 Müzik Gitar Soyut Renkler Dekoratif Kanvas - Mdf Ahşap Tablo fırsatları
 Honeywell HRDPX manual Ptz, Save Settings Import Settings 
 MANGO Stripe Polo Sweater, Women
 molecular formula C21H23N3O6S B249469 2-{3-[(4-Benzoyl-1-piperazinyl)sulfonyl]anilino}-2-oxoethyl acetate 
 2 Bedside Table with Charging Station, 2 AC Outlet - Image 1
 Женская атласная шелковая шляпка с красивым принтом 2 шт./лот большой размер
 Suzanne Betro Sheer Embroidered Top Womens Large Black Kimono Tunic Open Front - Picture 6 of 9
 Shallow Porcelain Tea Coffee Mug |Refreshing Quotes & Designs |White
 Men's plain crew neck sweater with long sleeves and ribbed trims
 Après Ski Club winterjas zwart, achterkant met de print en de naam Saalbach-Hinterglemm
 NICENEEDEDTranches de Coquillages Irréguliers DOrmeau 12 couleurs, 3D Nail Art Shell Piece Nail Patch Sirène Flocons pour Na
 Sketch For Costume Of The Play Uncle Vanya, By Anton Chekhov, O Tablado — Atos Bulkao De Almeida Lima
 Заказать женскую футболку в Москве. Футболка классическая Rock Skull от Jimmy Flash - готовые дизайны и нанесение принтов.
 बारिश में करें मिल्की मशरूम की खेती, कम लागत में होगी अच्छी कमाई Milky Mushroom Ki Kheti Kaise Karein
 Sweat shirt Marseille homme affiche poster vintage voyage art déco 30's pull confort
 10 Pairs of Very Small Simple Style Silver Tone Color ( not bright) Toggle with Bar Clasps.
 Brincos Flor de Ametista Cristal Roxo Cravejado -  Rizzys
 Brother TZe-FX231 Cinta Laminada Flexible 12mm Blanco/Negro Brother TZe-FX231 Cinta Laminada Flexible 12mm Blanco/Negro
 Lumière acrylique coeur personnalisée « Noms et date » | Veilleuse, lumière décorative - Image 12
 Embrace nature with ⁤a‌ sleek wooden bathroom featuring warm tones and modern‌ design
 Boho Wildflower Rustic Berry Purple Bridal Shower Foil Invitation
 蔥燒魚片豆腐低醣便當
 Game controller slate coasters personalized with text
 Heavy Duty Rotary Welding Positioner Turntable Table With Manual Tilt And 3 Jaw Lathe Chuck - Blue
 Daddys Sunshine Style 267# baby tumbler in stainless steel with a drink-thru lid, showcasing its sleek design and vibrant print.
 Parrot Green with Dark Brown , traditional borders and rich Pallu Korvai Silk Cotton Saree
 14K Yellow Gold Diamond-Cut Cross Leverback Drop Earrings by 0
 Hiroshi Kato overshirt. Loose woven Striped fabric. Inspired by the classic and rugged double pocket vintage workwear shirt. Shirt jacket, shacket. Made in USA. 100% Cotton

·····

Copy the lines above exactly, beginning at the line that has "10 Pairs of" and stopping after the line that has "Brincos Flor de", and omit the rest.

*SOLUTION*:
 10 Pairs of Very Small Simple Style Silver Tone Color ( not bright) Toggle with Bar Clasps.
 Brincos Flor de Ametista Cristal Roxo Cravejado -  Rizzys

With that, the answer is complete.